The current system in Korea focuses primarily on medical urgency and does not consider the potential benefits of transplantation such as the 1-year outcome. In the principle of the lung allocation system, waiting list mortality and transplant outcomes are incompatible issues.7 When priority is given to urgency, the waiting list mortality can be reduced, but the 1-year survival rate cannot be guaranteed. In 2005, the United States changed the urgency-based system to a balanced system that considers both urgency and transplantation outcomes.10 The new system (lung allocation system; LAS) yields an estimate of the likelihood of survival within the following year on the waiting list and of the 1-year survival after transplantation; these estimates were derived from a set of patient-related variables. Patients with higher LAS scores are assigned a higher priority for lung transplantation because of their predicted higher likelihood of survival benefit after transplantation. Several studies have shown the positive effects of new systems (LAS) in the Unites States, and the German system was revised based on the US LAS in 2011.111213 This change has reduced the mortality on the waiting list and improved the transparency in the process of organ allocation in Germany.1415
In this analysis, the revised system did not lead to worse overall post-transplant outcomes or waiting list mortality. Moreover, the transplantation result did not deteriorate despite the increased use of marginal donor lungs or increased number of recipients with severe condition. However, we cannot disclose whether these phenomena are due to the learning curve of the Korean lung transplant society or other undefined factors. A definite aspect is that currently there is no parameter that can be used to audit this new allocation system in the perspective of post-transplant outcomes.
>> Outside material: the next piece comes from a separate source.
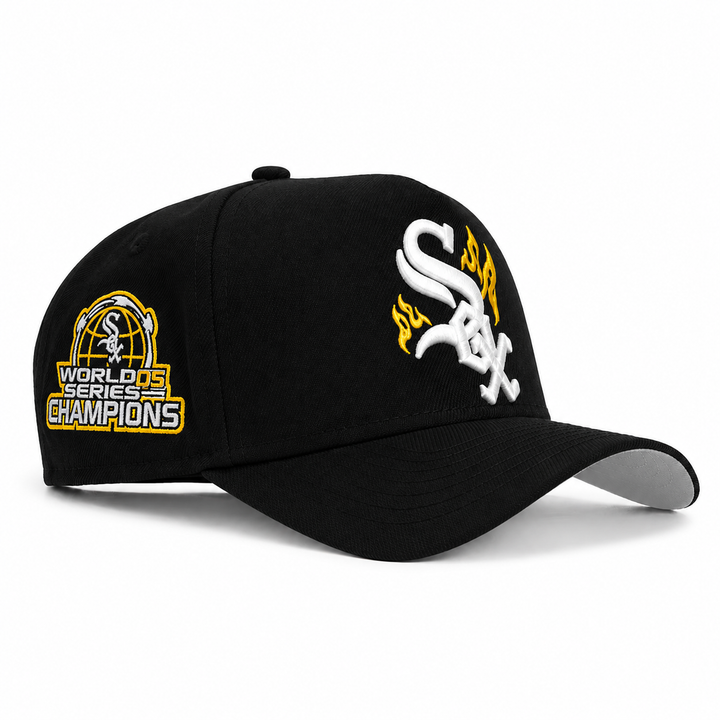 Official New Era Chicago White Sox 9FIFTY A-Frame adjustable hat with 2005 World Series Champions patch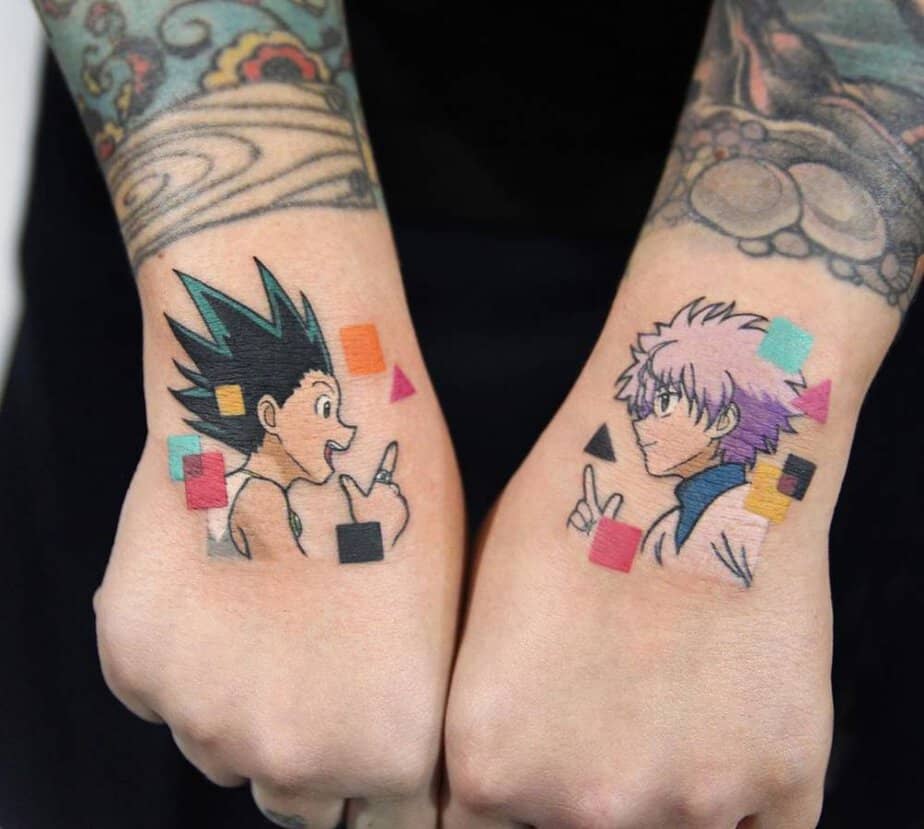 Gon and Killua tattoo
To develop and introduce a new allocation system tailored to Korean patients' characteristics like the LAS in US, it is essential to have a detailed record of each of the transplant centers about the additional recipient-related parameters before and after lung transplantation. The development of a new allocation model that predicts the transplant outcomes should be implemented based on such reliable data. This important issue of lung transplantation requires in-depth discussion and sophisticated planning in the Korea transplant society and government.